Does anybody know what it's like to have to tell someone who's fighting for us that they can't even smoke in their own club? That just made me sick.
- Mary Voss

"You can see the business has gone down a lot," says Voss. "It's tough."

Voss says business started dropping soon after commissioners enacted the ban in April. The post is located just across the border from Anoka County where there is no ban. Voss says that's where a lot of the smoking customers have gone.

"And they've taken all of our non-smoking customers with them," she says. "Because our smoking customers and the non-smoking customers are friends, they all hang out together. If they don't go across the river, they stay home."

Data from the Minnesota Department of Revenue shows a decrease in total taxable sales for establishments that sell liquor in Champlin over the past year. In 2004, for the months of April, May and June, Champlin establishments made $1.63 million in total taxable sales. In 2005, that number fell to $1.46 million.

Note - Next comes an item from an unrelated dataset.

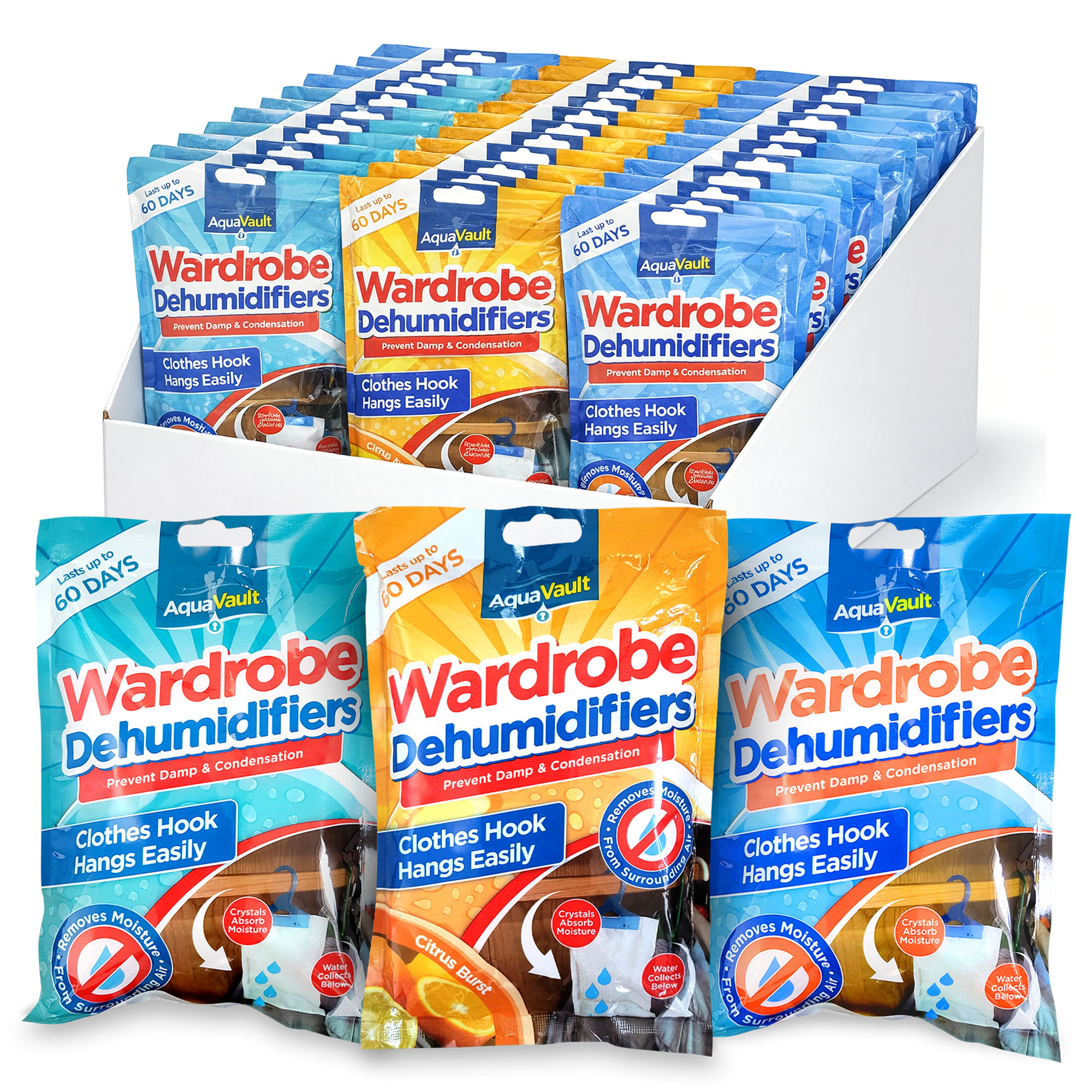 TEMU Hanging Wardrobe Dehumidifier Bags | 1–48 Pack Moisture Absorber Hanger For Clothes Storage & Cupboards | Damp Remover Bags For Wardrobe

Taxable sales have gone up for establishments in Coon Rapids, which is just across the border into Anoka county.

But there are some customers at the Legion who have chosen not to stay home or go across the river.

"To come in here and see three or four people having lunch is sad," says Cheryl Peterson. Peterson is a member of the Legion's Auxiliary and a regular lunchtime customer. Peterson is also a smoker. She doesn't like to go outside in the cold to have a cigarette. But she still comes to the club.

Her friend Brad Draisey is also a member. Draisey says he likes the fact that the Legion helps so many others.

"We put a lot of money into the community we help the police department," says Draisey. "We donated land over here for the veterans park. We do a lot of good things. The more money we make, the more money goes into the community."

Draisey and Peterson aren't blaming their losses on members who choose to take their money elsewhere. Instead, they say the problem is a law that oversteps its bounds.

Bartender Mary Voss who says she grew up in a military family, says the smoking ban is particularly offensive to veterans.

"Right after the smoking ban took effect, I had a young man come in in his cammies and his dad came in and they each ordered a beer," says Voss. "He went to light up a cigarette and I told him he couldn't smoke. Do you know that poor man just came in from Baghdad that day? Does anybody know what it's like to have to tell someone who's fighting for us that they can't even smoke in their own club? That just made me sick."

Voss says she hopes the county commissioners will change it's ordinance to allow smoking in private clubs like hers. She says they'll pursue an exemption. However Legions in Minneapolis, Bloomington and Golden Valley would still be smoke free because those cities have their own, stricter bans.

So far, it's been hard to judge how much of an impact the eight month old county smoking ban has had on bars and restaurants. Small bars are more likely than larger establishments to have seen decreased sales.

Some critics of the ban say thousands of jobs and millions of dollars have been lost. However, state economic and employment data don't support those claims.